Pajak karbon merupakan instrumen ekonomi yang diterapkan terhadap emisi COâ‚‚ yang berasal dari pembakaran bahan bakar fosil, seperti minyak dan batu bara. Tujuan utamanya adalah mendorong perusahaan dan individu untuk lebih memperhatikan dampak lingkungan dari aktivitas mereka serta mengadopsi sumber energi yang lebih berkelanjutan.

Finlandia menjadi negara pertama yang memperkenalkan pajak karbon pada tahun 1990, yang kemudian diikuti oleh berbagai negara maju lainnya, seperti Prancis, Kanada, dan Jepang. Di kawasan Asia Tenggara, Singapura telah lebih dulu menerapkan pajak karbon sejak 2019 dengan tarif awal sebesar 5 Dolar Singapura per ton emisi karbon dioksida ekuivalen.

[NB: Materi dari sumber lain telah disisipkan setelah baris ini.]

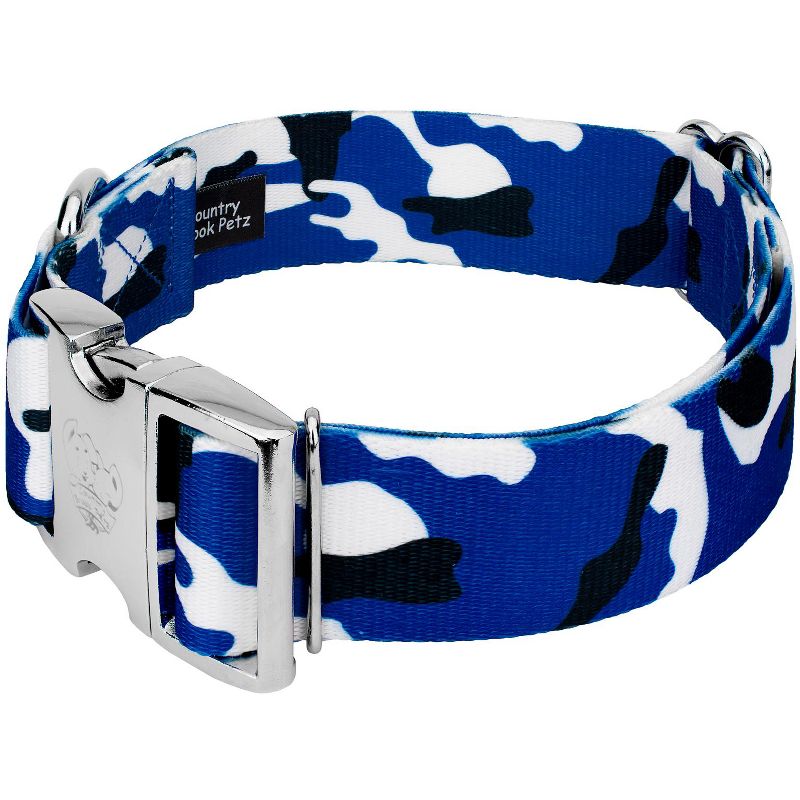 Country Brook Petz 1 1/2 Inch Premium Royal Blue and White Camo Dog Collar, 2 of 5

Sebelumnya, negara-negara berkembang sering kali beranggapan bahwa negara maju harus menanggung beban lebih besar dalam upaya mitigasi perubahan iklim. Namun, meningkatnya kesadaran global mengenai urgensi dekarbonisasi telah mendorong negara-negara di Asia Tenggara untuk mulai menerapkan kebijakan pajak karbon.

Selain pajak karbon, Thailand juga menunjukkan perkembangan positif dalam perdagangan kredit karbon. Pada kuartal pertama tahun fiskal 2025, tercatat sekitar 101.894 ton setara karbon dioksida (tCOâ‚‚e) senilai 17,78 juta Baht telah diperdagangkan melalui skema Program Pengurangan Emisi Sukarela Thailand (T-VER). Sebagian besar kredit karbon tersebut berasal dari proyek energi terbarukan yang berkontribusi dalam upaya mitigasi perubahan iklim.

Langkah yang diambil Thailand dalam menerapkan pajak karbon serta mendorong aktivitas perdagangan kredit karbon menegaskan komitmen negara tersebut dalam mengurangi emisi gas rumah kaca dan mewujudkan pembangunan yang lebih berkelanjutan.